Florida Enacts Meaningful Eminent Domain Reform, Bill One of Strongest Passed Nationwide

PRESS RELEASE: May 12, 2006

CONTACT:
John Kramer
Lisa Knepper
(703) 682-9320

Arlington, Va.—Florida Governor Jeb Bush yesterday signed into law House Bill 1567, which provides home and business owners across the state with meaningful protection against eminent domain abuse.  The bill, which passed the legislature with overwhelming support, prohibits localities from transferring land from one owner to another through the use of eminent domain for 10 years—effectively eliminating condemnations for private commercial development.  HB 1567 also forbids the use of eminent domain to eliminate so-called “blight,” instead requiring municipalities to use their police powers to address properties that actually pose a danger to public health or safety.

“With this bill, Florida lawmakers provide meaningful and comprehensive protection for their constituents from eminent domain abuse,” said IJ Senior Attorney Dana Berliner.  “Florida now offers some of the best protection in the nation for homes, businesses and churches that could have been threatened by eminent domain for private development.  This bill is a model for what other state legislatures should enact.  It prohibits eminent domain abuse while still allowing the government to condemn property for public uses just as the Constitution allows.”

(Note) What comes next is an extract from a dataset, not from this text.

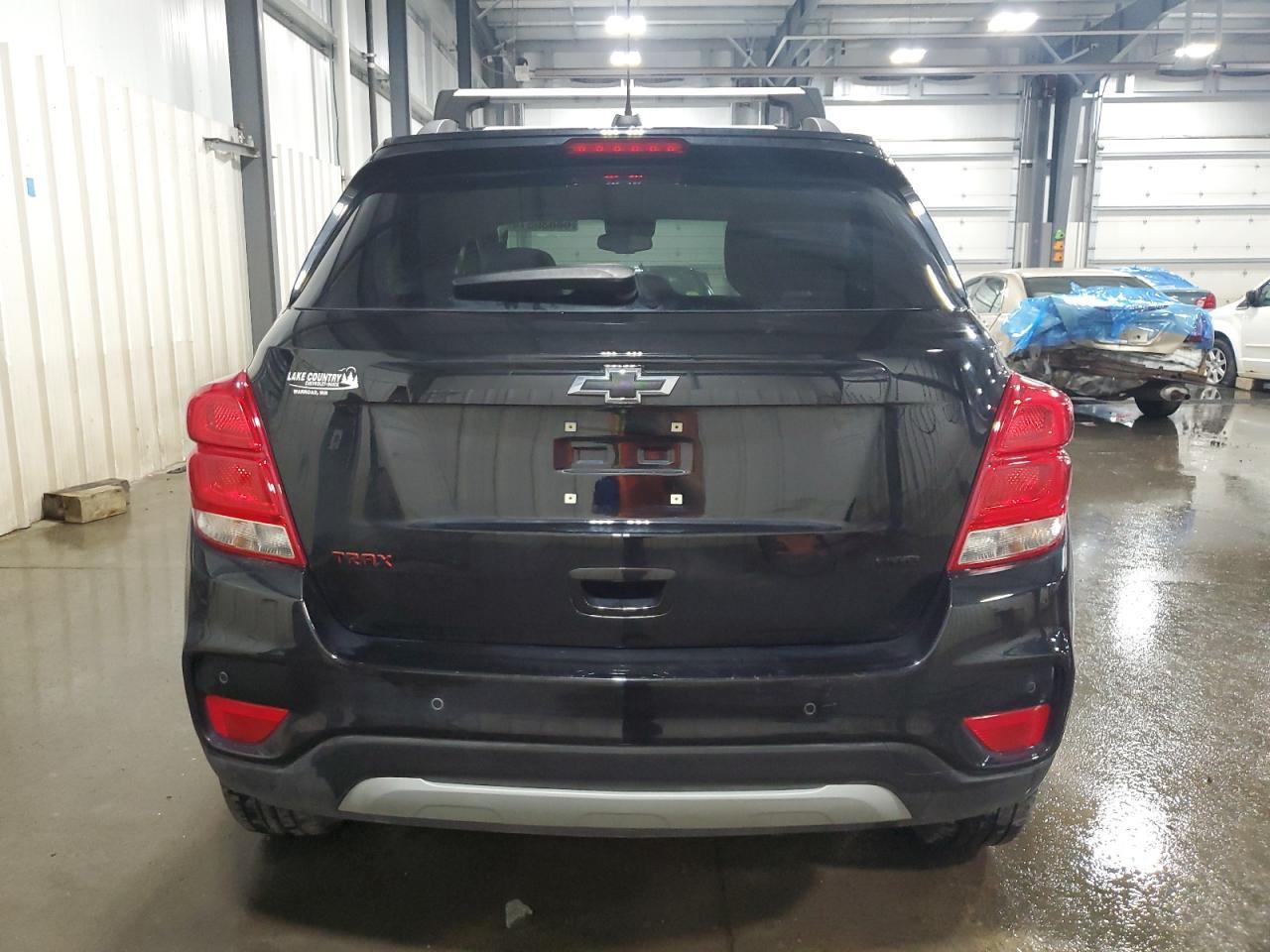2021 CHEVROLET TRAX 1LT - Image 6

IJ Senior Attorney Scott Bullock, who argued the Kelo case before the U.S. Supreme Court, agreed and added, “Florida legislators understand what defenders of eminent domain abuse still do not—that Kelo created a big problem for the states to fix, that economic development will undoubtedly continue without eminent domain, and that every home, business, farm and place of worship needed protection against condemnation for private gain.  This is one of the strongest reform bills passed in response to Kelo.  Let’s hope other states follow in Florida’s footsteps.”

In Kelo, the nation’s highest court permitted the use of eminent domain for economic development.  A Florida court was the first to rely on Kelo in upholding a municipality’s plan to take land from one person and give it to another private party.  Since the Supreme Court’s June 2005 decision, legislators in 47 states have introduced, considered or passed legislation limiting the government’s eminent domain powers in instances of private use. 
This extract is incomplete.